PARRSBORO - Sub-sea power cables will be installed in the Minas Passage later this year, while turbines will go under water in 2013.
That was the message in a public presentation here on Jan. 9, as more than 80 people packed the Parrsboro Fire Hall to hear the latest update on the developments of the tidal power industry.
"It was good to see a turnout like that, especially at this time of year, being January and cold," said Mary McPhee, manager of the Fundy Ocean Research Centre for Energy (FORCE) visitor centre. "The purpose was more to share information with folks about where the project is at now, what is next, and where the actions are."
A presentation came from FORCE executive director Doug Keefe, who offered information on the science of tidal power, and the limitations of how far the local project can go, e.g. how many turbines can go in the water without causing environmental damage.

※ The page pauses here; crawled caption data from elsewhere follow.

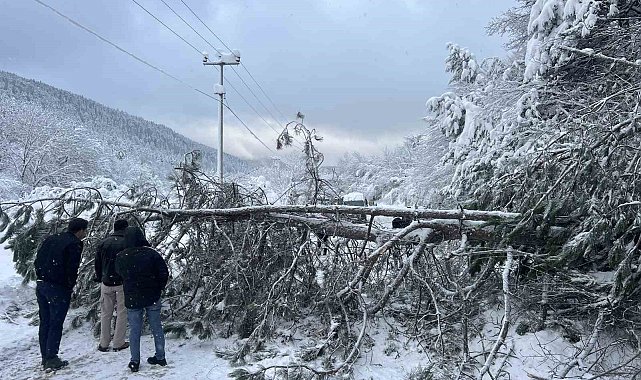 Abant yoluna ağaç devrildi, tatilciler yolda kaldı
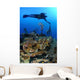 Diver Hangs to Piece Wall Decal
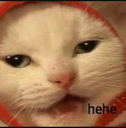 hehecat custom emote from Autism Mansion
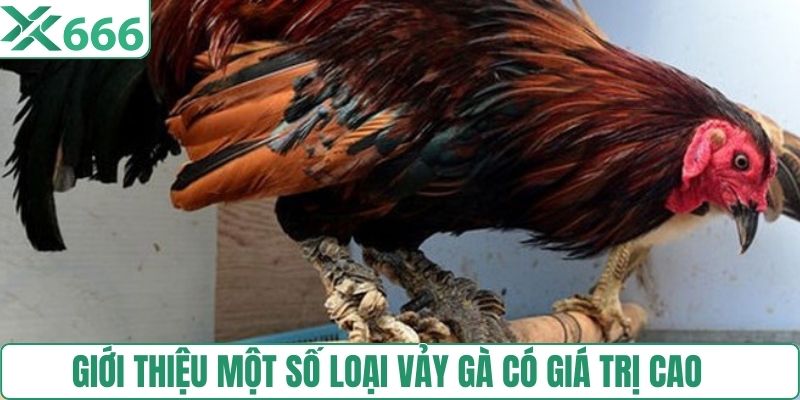 Giới thiệu một số loại vảy gà có giá trị cao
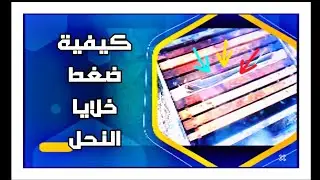 كيفية ضغط خلايا النحل والفوائد الكثيرة، تعرف عليها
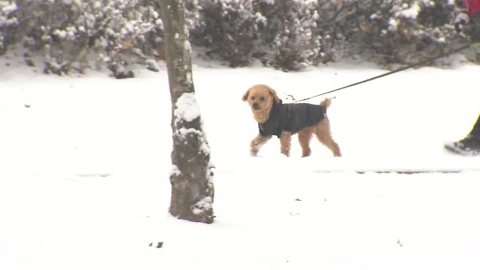 [날씨] 강원 산간 오후부터 또 최대 10cm 눈…서해안 한파주의보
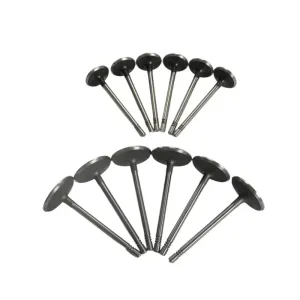 Engine Rebuild Kit - Timing Valve Bearing Gasket For 02-12 Jeep Dodge Ram 3.7L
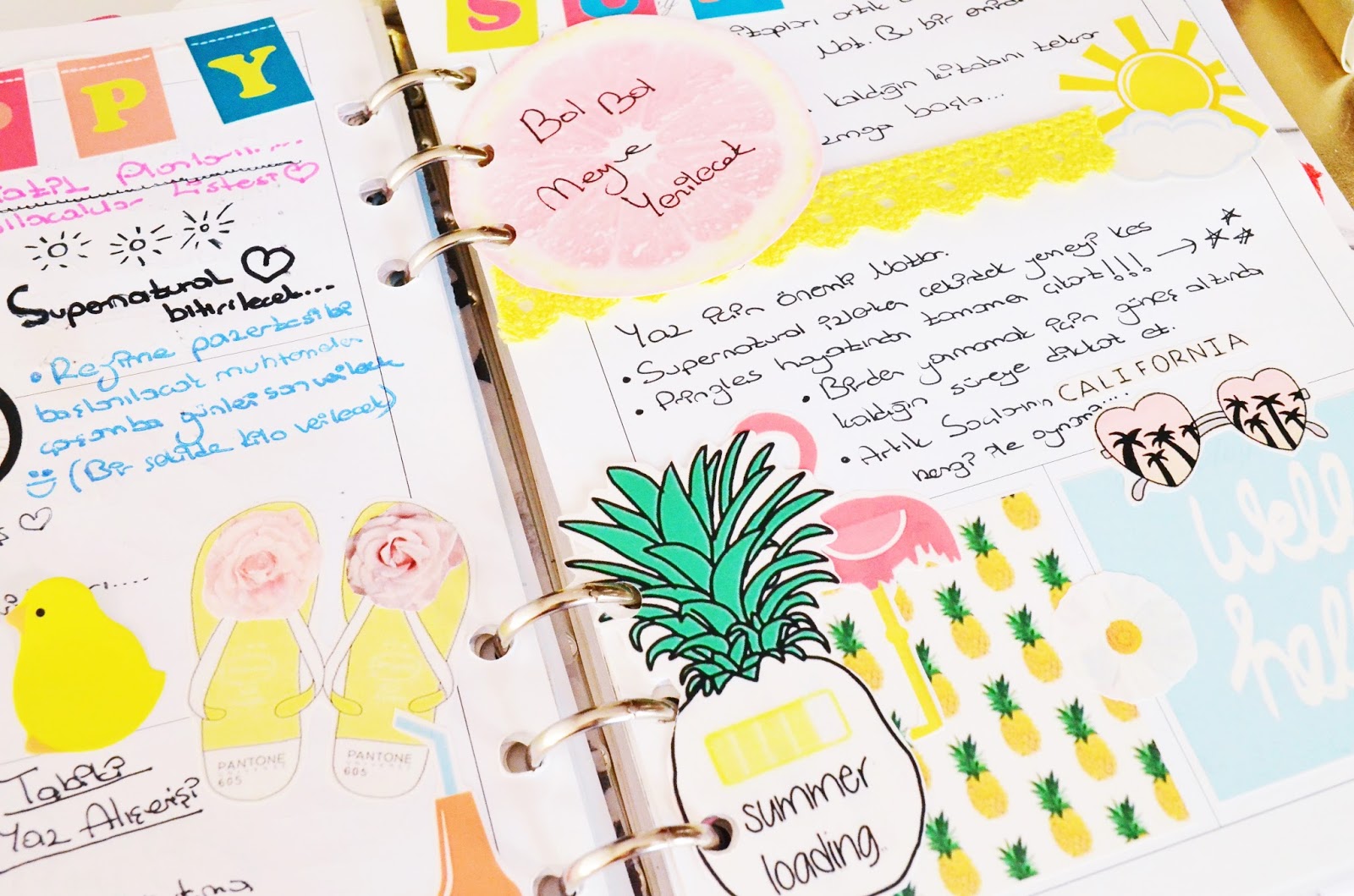 ezgi erikci kendin yap ajanda diy decor your planner with me ajandalar planner kendin yap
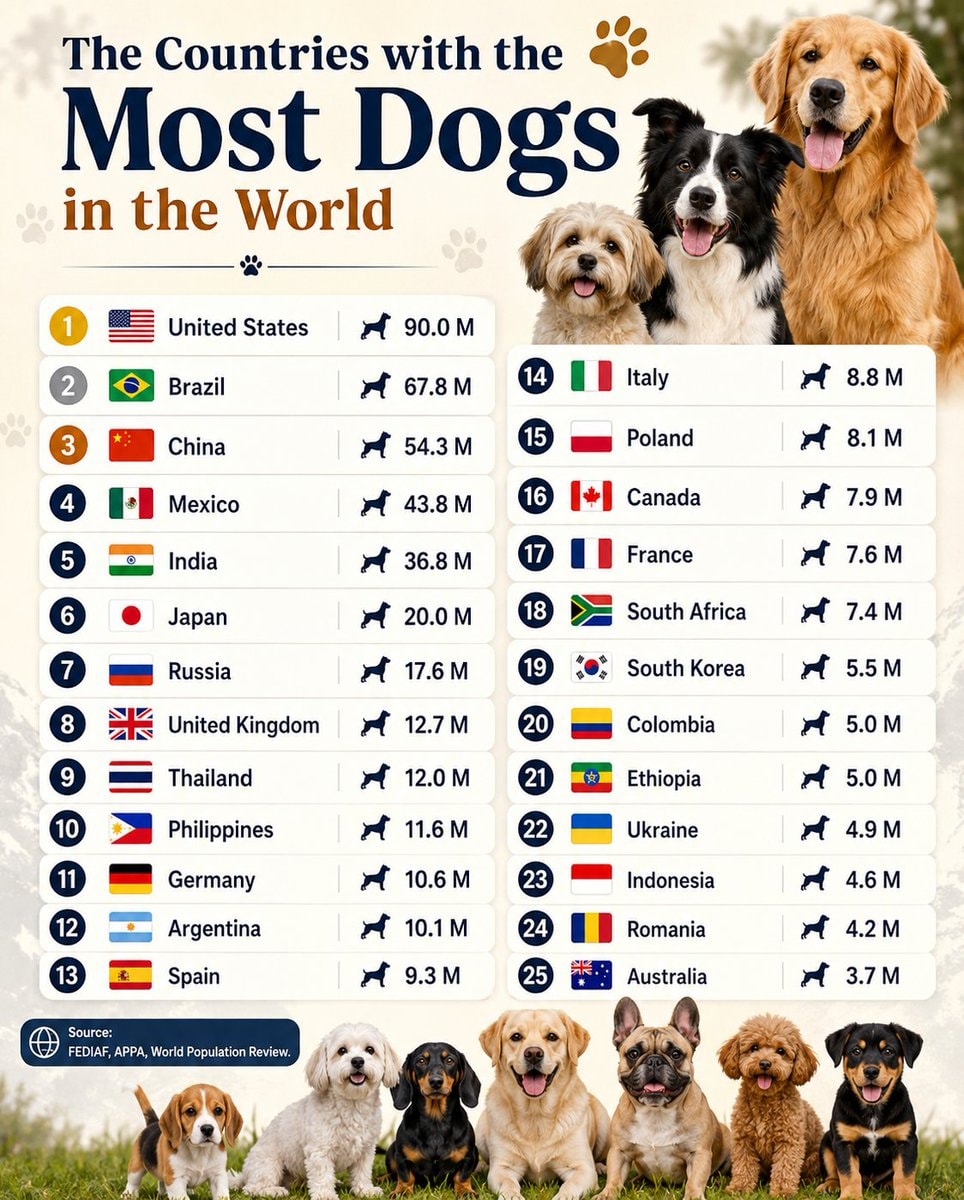Countries with most dogs ranked Countries with most dogs ranked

Also presenting was John Woods, chairman of FORCE and vice-president of energy development at Minas Basin Pulp and Power, one of the berth holders designing a turbine for the site. Woods spoke about the types of energy that can be produced by the varying systems, providing some technical engineering information.
"It was good for a lot of people to see how the turbines actually work, and why it's possible to put something so small on the ocean floor, and the different ways of engineering it so it's not damaged and doesn't cause damage," said McPhee.
Also offering greetings were politicians of every level, from Parrsboro Mayor Lois Smith and Cumberland County Warden Keith Hunter, to Cumberland South MLA Jamie Baillie and Cumberland-Colchester-Musquodoboit Valley MP Scott Armstrong.
A question and answer period focused on environmental effects, and costs of producing the energy in comparison with other projects such as a hydroelectric dam.
Work now in progress includes construction of the electrical substation in West Bay that is about two months away from completion. That substation will convert and reduce the energy coming in from the turbines before it enters the transmission line. Meanwhile, another project is seeing a path cut overland through the wooded region between West Bay and the power generating station in New Prospect, where the power will hook into the grid.
A dry test run of the equipment is planned for the spring, followed by the installation of sub-sea cable in August of this year. Installation of the turbines will follow, with Minas Basin Pulp and Power expected to put a device in the water in early 2013.